Sometimes the most successful products and services were born out of peoples frustrations with certain things that could be improved in their day to day jobs.
Be mindful that you will be likely spending the next few years living and breathing in the market sector you decide. So take time to know and really understand that market before committing to it.
#2 – Know if you are addressing a B2B or B2C market
While probably beyond the scope of this article, these terms will hold the keys to deciding on the direction you will take and the strategies you will employ with regards to marketing and distribution.
As a primer, a business-to-consumer market (B2C) is focused on a product or service that addresses consumers. Think of this like your local supermarket, which services thousands of customers every day. While a business-to-business market (B2B) focuses on products and services to address the needs of other businesses – think of these as the wholesalers who supply those fore-mentioned supermarkets. To confuse things even more, some companies can actually be both – but generally, they start with one or the other at least initially.
But why does this even matter? It matters because you need to understand where your source of revenue and cash flow will eventually come from. Are you going to end up charging the customer or other businesses? Investors, in particular, want to understand which market you are targeting – as this will directly affect their risk model and how much investment you may require from them.
As generalised examples, you will find a B2C business primary objective is to grow and secure market share. So to achieve this, they will often raise a more significant amount of investment with the intent to “burn” (or spend) this quickly to grow. In this model, cash flow and revenues are not as important as growth. With the view that once they reach a critical mass of users, they will figure out how to generate revenues through their acquired customer base. Facebook is an excellent example of how they ran at a loss for the longest time before finally turning a profit.
A B2B business, on the other hand, is more focused on cash flow as their primary objective. They would prefer to grow at a more sustained level with positive cash flow than purely burning capital or investment. If they do raise investment, it is primarily used for growth purposes and to solidify their market share within that niche.
Overall this type of businesses tends to have greater longevity while giving up less equity in raising funds – due to the constant cash flow and reduced risk to the investor. Atlassian is a prime example of a billion-dollar startup which has utilised this model with great success.

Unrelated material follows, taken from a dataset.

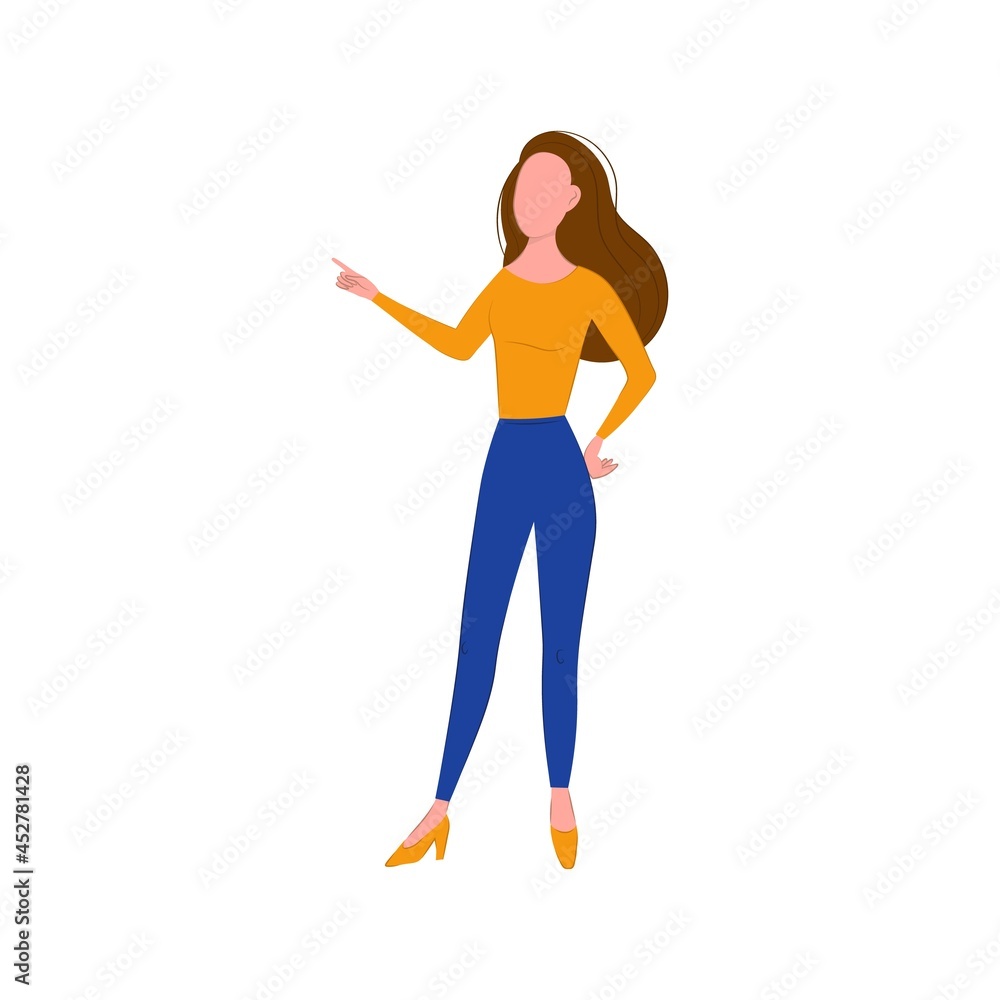 business woman isolated on white background. vector flat illustration. girl stands half sideways.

Taking time to understand whether you fall into a B2B or B2C model will allow you to plan how you will eventually earn income. This projection will avoid a situation where you end up spending significant capital or investment going down a particular business path only to realise there is no market willing to pay you for your product or service.
#3 – Find complementary co-founders
They say that being co-founders in business feels a lot like a marriage – and from experience, this is entirely true in every respect. You will often spend more time with them than your own family and friends. So it is imperative that you choose wisely and find someone you can get along with and most of all trust.
But can I also do this alone? I hear you ask. Absolutely.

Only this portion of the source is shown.